1988年と2009年の妊娠状態の比較
流産比較
<日本医療労働組合連合の調査より>

看護師の流産は増えている

上のグラフは日本医療労働組合連合の調査によるものですが、この調査によると看護師の流産は、1988年は3.7%だったのが、2009年は11.2%と、倍以上に増えています。
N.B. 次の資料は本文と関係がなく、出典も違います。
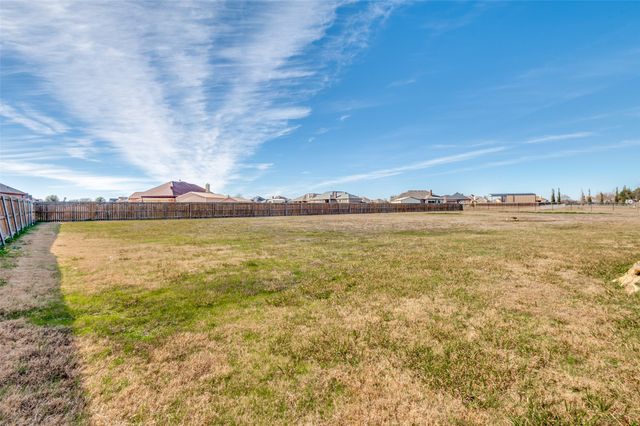 124 Windsor Circle, Waxahachie, TX 75165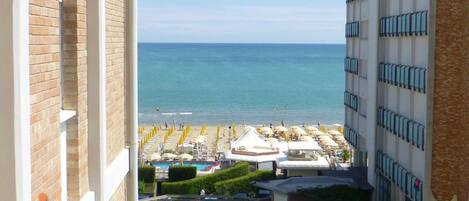 Vue sur la plage/lâocĂ©an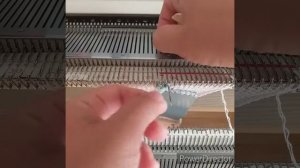 Вязаные шишечки на вязальной машине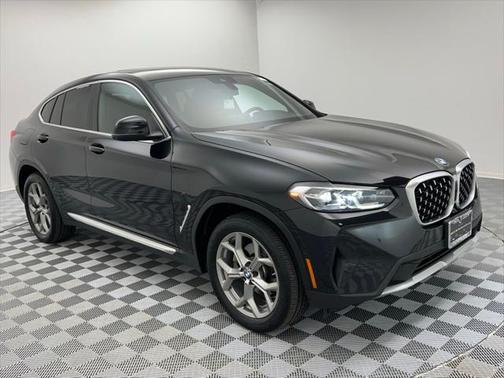 2024 BMW X4 xDrive30i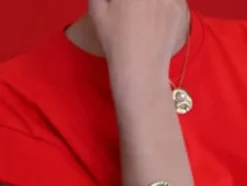 Majorica Pulsera Dorada Le Palm Con Perla Blanca| Brazaletes Rígidos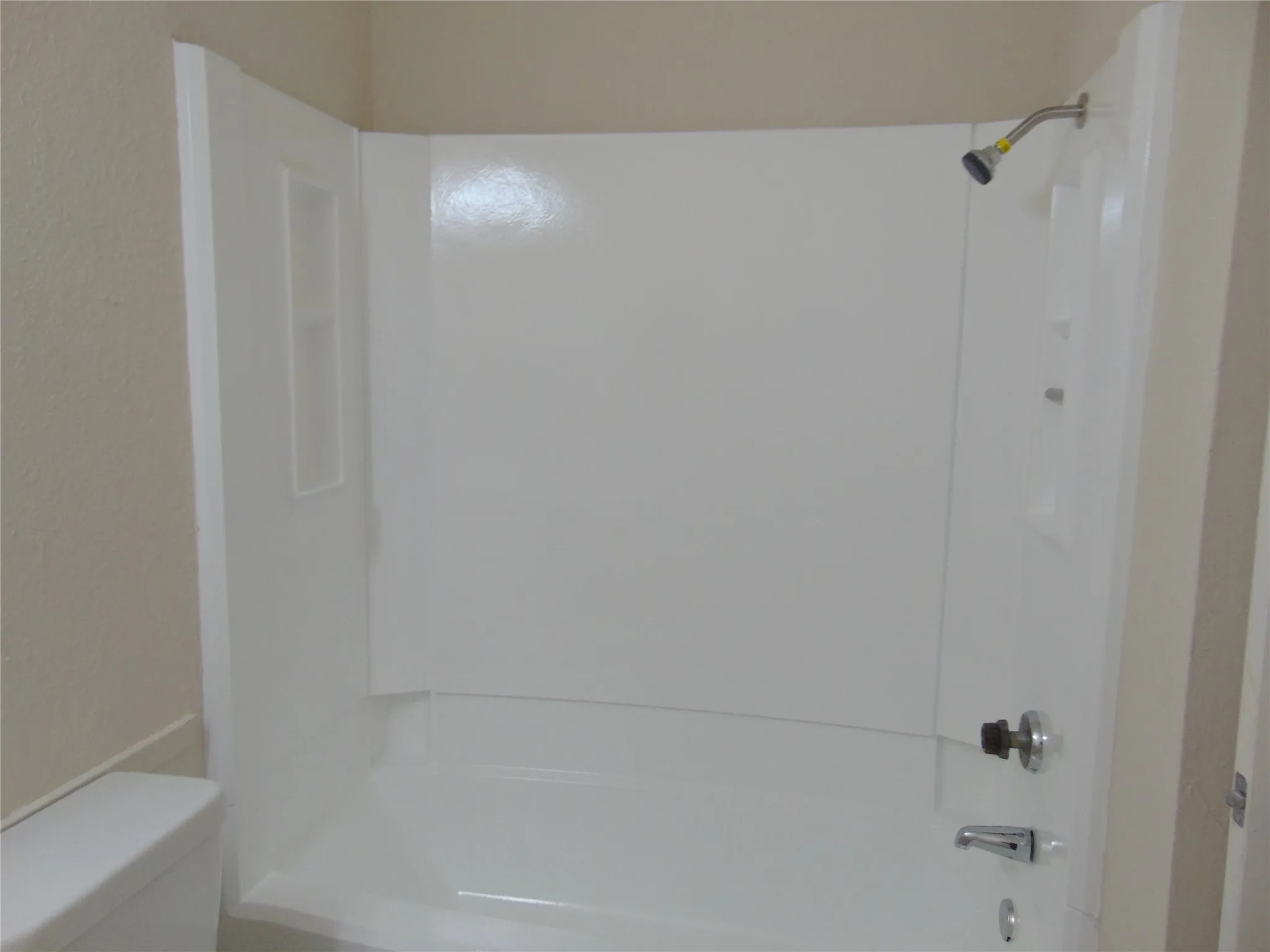 Townhouse For Sale in Dallas County , 2146 Aspen Drive, Dallas, Texas 75227, 2 Bedroom, 2 Bathroom, Garage spaces, 1,110 Sqft, built in 1983, mls#21325612, Real Estate Agent in Dallas, Homes For Sale in Dallas county, Homes For Sale in Dallas, Realtor in Dallas Texas, Real Estate Brokerage Independent Realty Texas, Luminita Cordes Realtor
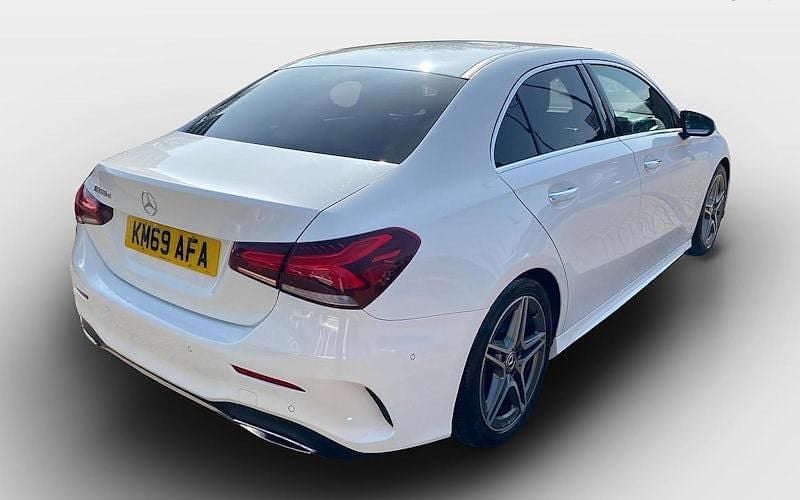 Used Mercedes A180 AMG Line Premium 116 HP (85 kW) 2019 White Sedan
また妊娠中に流産しそうになる「切迫流産」も24%から34%に大きく増えています。さらに妊娠中の出血は10%から23%と倍以上に増えています。看護師が妊娠中に出血するのは”普通”という異常事態です。

このように残念ながら明らかに看護師の流産と妊娠時の健康状態は以前よりも悪化しています。

妊娠時の状態が悪い理由の一つは看護師の夜勤にあります。ノースカロライナ大学の研究によると、立ち仕事や重い物を持つ仕事はさほど悪影響はないが、夜勤では早産のリスクが50%も上がると報告しています(妊婦が夜勤で働くリスクは?)。

労働環境が悪化している!

年配の看護師の中には、最近の若者は根性がない、などと心無いことをおっしゃる方もいます。しかしデータからも明らかなように、昔よりも今のほうがずっときつい職場環境なのです。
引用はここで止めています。